Duisburg. Dr. Nicolas Wöhrl und sein Team forschen im NanoEnergieTechnikZentrum der Uni Duisburg-Essen an und mit Diamanten. Für ihre Untersuchungen stellen die Wissenschaftler die wertvollen Steine selbst her und entdecken deren zahlreiche Potenziale.
Ein Ball in gleißendem Türkis leuchtet auf, als Reinhard Remfort die Mikrowelle anschaltet. „Wir befördern gerade eine Mixtur aus Wasserstoff und Methan in den Behälter. Die Wellen regen das Gas an. So entsteht Plasma.“ Der Physiker wählt einfache Worte, um die strahlende Kugel wenigstens im Ansatz zu erklären. Weniger sichtbar, dafür umso faszinierender ist aber ohnehin der Vorgang, der sich unterhalb des Plasmaballs abspielt: Auf einer kleinen Platte – mitten in dem zylinderförmigen Gerät – wächst ein Diamant.
Für Remforts Doktorvater Nicolas Wöhrl sind die Steine ein Faszinosum. Nicht dann, wenn sie an Ringen und Colliers glänzen. Vielmehr aus wissenschaftlicher Perspektive beschäftigt sich der 39-Jährige seit zehn Jahren mit den Kristallen.
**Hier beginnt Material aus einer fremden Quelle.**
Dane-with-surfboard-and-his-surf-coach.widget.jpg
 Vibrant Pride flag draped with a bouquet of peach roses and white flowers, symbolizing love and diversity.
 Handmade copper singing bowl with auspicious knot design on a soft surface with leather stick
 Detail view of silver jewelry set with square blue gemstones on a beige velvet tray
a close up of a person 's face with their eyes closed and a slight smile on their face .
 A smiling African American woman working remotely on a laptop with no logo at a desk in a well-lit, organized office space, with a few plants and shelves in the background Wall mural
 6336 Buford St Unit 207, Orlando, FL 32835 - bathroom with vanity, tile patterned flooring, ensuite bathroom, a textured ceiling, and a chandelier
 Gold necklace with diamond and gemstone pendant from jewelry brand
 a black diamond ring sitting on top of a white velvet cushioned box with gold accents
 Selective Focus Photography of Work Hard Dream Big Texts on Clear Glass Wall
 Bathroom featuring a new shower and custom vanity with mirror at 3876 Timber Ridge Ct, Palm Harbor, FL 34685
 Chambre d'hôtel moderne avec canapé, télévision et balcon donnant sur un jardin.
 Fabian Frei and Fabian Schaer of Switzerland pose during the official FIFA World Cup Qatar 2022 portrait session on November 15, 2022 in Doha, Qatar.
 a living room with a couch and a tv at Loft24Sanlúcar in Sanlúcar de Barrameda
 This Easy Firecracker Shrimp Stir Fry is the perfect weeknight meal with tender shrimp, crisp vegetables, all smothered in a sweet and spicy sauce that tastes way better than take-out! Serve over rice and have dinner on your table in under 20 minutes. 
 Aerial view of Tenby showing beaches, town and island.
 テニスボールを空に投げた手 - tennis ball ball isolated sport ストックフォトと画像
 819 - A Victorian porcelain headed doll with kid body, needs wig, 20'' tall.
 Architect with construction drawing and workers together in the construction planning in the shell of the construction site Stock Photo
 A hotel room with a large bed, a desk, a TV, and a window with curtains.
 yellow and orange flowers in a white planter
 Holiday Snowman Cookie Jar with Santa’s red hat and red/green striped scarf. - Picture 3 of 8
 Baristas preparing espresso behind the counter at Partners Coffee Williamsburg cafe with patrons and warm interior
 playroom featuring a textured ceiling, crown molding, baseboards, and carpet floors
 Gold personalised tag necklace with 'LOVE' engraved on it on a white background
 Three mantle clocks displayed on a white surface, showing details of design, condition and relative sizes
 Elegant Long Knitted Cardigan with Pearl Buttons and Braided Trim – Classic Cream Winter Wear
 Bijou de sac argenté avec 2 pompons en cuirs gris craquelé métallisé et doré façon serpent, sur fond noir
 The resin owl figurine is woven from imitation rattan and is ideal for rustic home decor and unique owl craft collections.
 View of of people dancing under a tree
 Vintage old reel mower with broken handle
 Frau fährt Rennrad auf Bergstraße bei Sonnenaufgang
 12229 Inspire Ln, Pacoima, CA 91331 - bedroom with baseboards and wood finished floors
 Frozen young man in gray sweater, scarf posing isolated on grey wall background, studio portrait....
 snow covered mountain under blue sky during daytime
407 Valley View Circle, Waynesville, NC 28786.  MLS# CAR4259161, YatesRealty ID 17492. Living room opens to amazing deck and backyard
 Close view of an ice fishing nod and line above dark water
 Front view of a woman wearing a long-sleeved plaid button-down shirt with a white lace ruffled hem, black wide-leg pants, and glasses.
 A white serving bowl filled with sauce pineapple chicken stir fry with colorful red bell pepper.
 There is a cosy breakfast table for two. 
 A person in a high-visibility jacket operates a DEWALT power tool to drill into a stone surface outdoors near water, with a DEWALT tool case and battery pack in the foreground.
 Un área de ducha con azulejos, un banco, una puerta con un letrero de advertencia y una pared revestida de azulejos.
Und steht in vielerlei Hinsicht doch erst noch am Anfang seiner Forschung: „In Bereichen wie Werkstofftechnik, IT-Technologie und Biomedizin werden Diamanten zum Teil schon heute eingesetzt“, erklärt er. „Und auch in der Rückgewinnung von Energie aus Abwärme haben wir schon Erfolge erzielt.“ Doch noch seien zahlreiche Potenziale der aus Kohlenstoff bestehenden Steine nicht erforscht. Ab Oktober unterstützt deshalb das Mercator Research Center Ruhr eines von Wöhrls Diamanten-Projekten. Die betreibt er im NanoEnergieTechnikZentrum, kurz NETZ, an der Uni Duisburg-Essen. Unterstützung kommt zudem von Kollegen aus Dortmund und Bochum.
Forschung an Defekten
220.000 Euro erhalten der Physiker und seine Kollegen dann für die Forschung an hochreinen Diamanten. Oder besser gesagt an deren Defekten. „Denn erst die“, sagt der Gelsenkirchener, „machen einen Diamanten interessant“. Aus gitterförmig angeordneten Kohlenstoffatomen bestehen die Kristalle. Mit sogenannten Ionenkanonen etwa, können Forscher einzelne dieser Atome durch andere Elemente ersetzen. „Diese Verunreinigungen kommen auch in der Natur vor. Aber wir könne sie während oder nach der Herstellung gezielt einbringen.“ Ziel seines Projekts ist es, die Zusammenhänge zwischen Defekten und den daraus entstehenden Charakteristika der Diamanten herauszustellen. „Wenn uns das gelingt, können wir gewünschte Eigenschaften künftig schon bei der Herstellung der Diamanten gezielt einstellen.“
Als Ergebnis des Projekts erhofft sich Wöhrl unter anderem Fortschritte in der medizinischen Diagnostik. „So könnten künftig etwa bei einer MRT bisher unerreichte räumliche Auflösungen im Naonmeterbereich erzielt werden.“ Heißt zum Beispiel: Bei Hirntumoren könnte die Umgebung viel genauer untersucht und eine Behandlung entsprechend gezielter durchgeführt werden.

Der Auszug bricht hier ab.